Regression models were developed to predict healthcare expenditures, and binary classification models were developed to predict whether a participant’s healthcare expenditures were in the top 50%. The regression and classification models have been developed in four versions: (T for “tabular data”) basic model which relies solely on the patient’s sex, age and median postcode income as input, (X for “X-rays”) ResNet11 with only input CXR images, (TX1) separately trained T and X models combined at the end stage, and (TX2) end-to-end modified ResNet training with CXR images, age, sex and median income by postal code as input . The reference (T) and classification reference regression models were gradient-boosting regressors12.13 and an AdaBoost classifier14 respectively implemented in Python package scikit-learn with default settings.
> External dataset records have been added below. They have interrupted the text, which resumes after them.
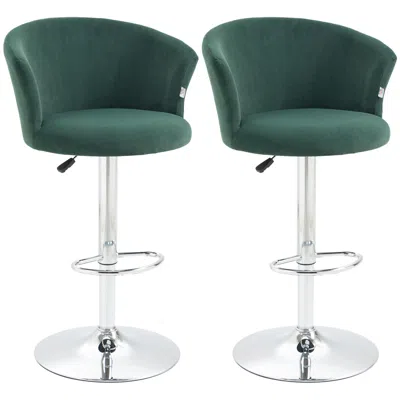 Streamdale Furniture Streamdale Velvet Swivel Barstools With Footrest (set Of 2)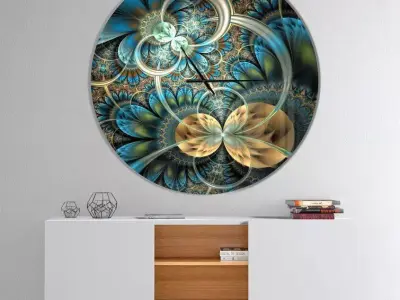 Symmetrical Fractal Flower Wall Clock Free 3D model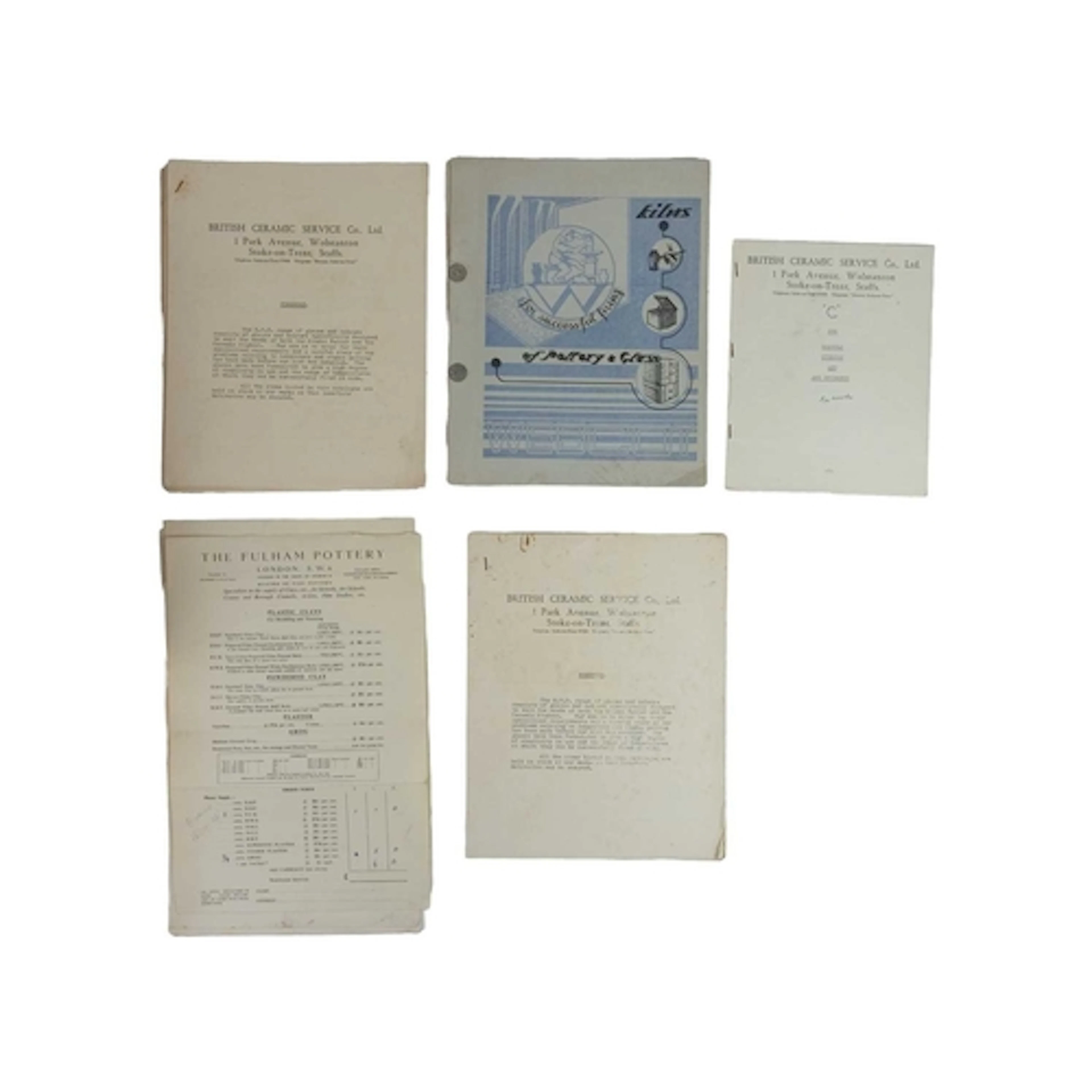 (Ephemera) Pottery trade catalogues Bernard W. E. Webber. Fi...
The CXR-only (X) regression and classification models were a modified ResNet18 model and a modified ResNet50 model, respectively. For the combined model TX1 (Suppl. Fig. S2), the raw softmax score or the final output (regression) of the model (X) was concatenated to the categorical data and then processed with the model approach (T) to arrive at the exit. For the combined TX2 model (Suppl. Fig. S3), the neural network architectures of the (X) model were modified after the final convolutional layers to allow concatenation of categorical data into the end-to-end neural network model. See additional figures. S2, S3 and eAppendix for implementation details.
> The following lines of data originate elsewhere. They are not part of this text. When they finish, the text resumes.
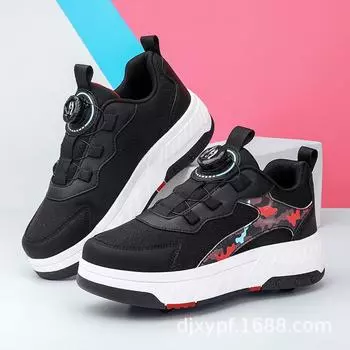 Детская обувь Runaway Shoes Роликовые коньки для подростков Двухрядные четырехколесные деформационные коньки Мужские и женские коньки 28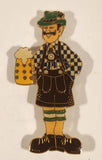 Oktoberfest Bavarian German Man Holding Beer Stein 1 1/8" x 2 1/4" Enamel Metal Fridge Magnet
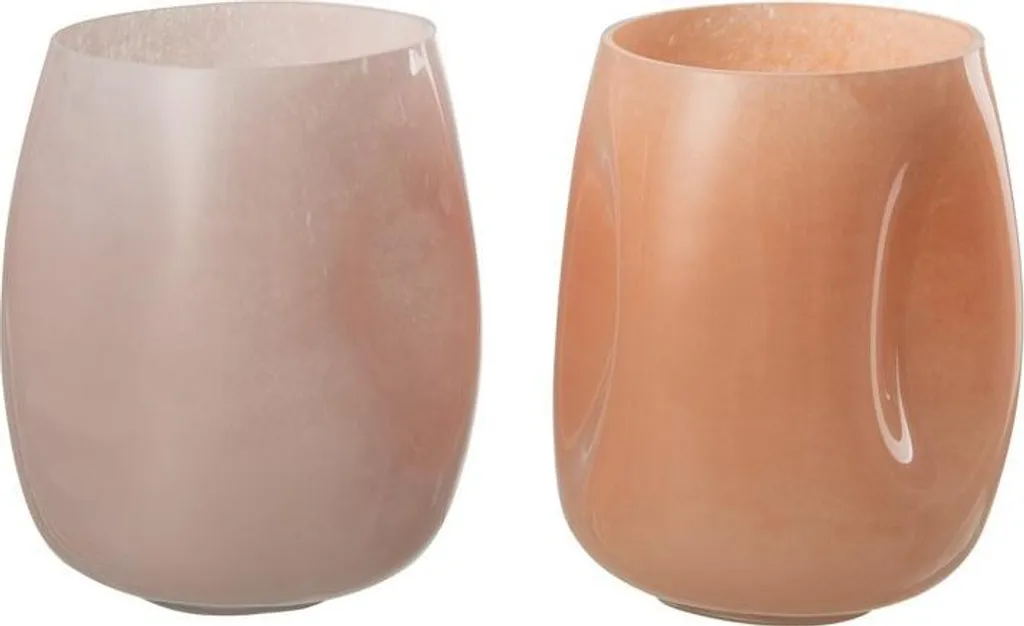 Décoration de Table : Petit Vase J-Line Beule Rose Orange en Verre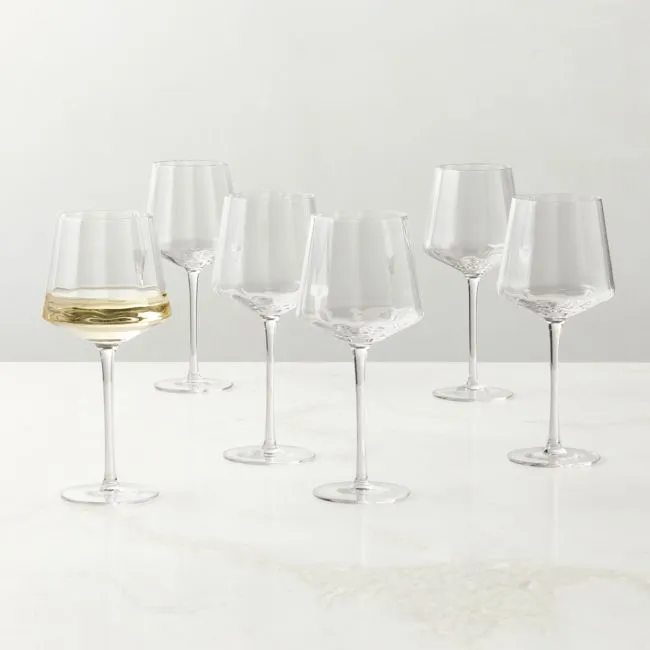 Muse Optic Fluted White Wine Glasses Set of 6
All versions of ResNet have been initialized with pre-trained weights on ImageNet15.16. For all models, hyperparameters such as learning rate, line layer dimension, number of line layers, and others were empirically optimized through random search.17. After tuning and training the hyperparameters, the models were evaluated against the pre-split test set18. The training, validation, and testing set has been split by patient ID number to ensure that no CXR from the same patient is represented in multiple datasets. The outputs of the classification model were assessed using the area under the receiver operator characteristic curve (ROC-AUC) and the F1 score. The ROC-AUC of the classification models were compared in pairs using the DeLong method19. The outputs of the regression model were measured using Pearson’s R and Spearman’s ρ. Confidence intervals (95%) were calculated for all statistics. Each training and assessment was conducted for 1 year (21,872 CXR), 3 years (12,395 CXR), and 5 years of expenditure (1,779 CXR), respectively. Since the 1-year expenditure data was the most comprehensive, all subsequent analyzes should be assumed to be based on 1-year expenditure unless otherwise stated.
For the error analysis, we asked whether the absolute difference between the actual cost value and the predicted cost value was correlated with any of the patient demographic factors. The linear model used percentage differences (|actual cost − predicted cost|/actual cost) as the dependent variable and patient gender, race, age, median income, and overall actual cost as covariates.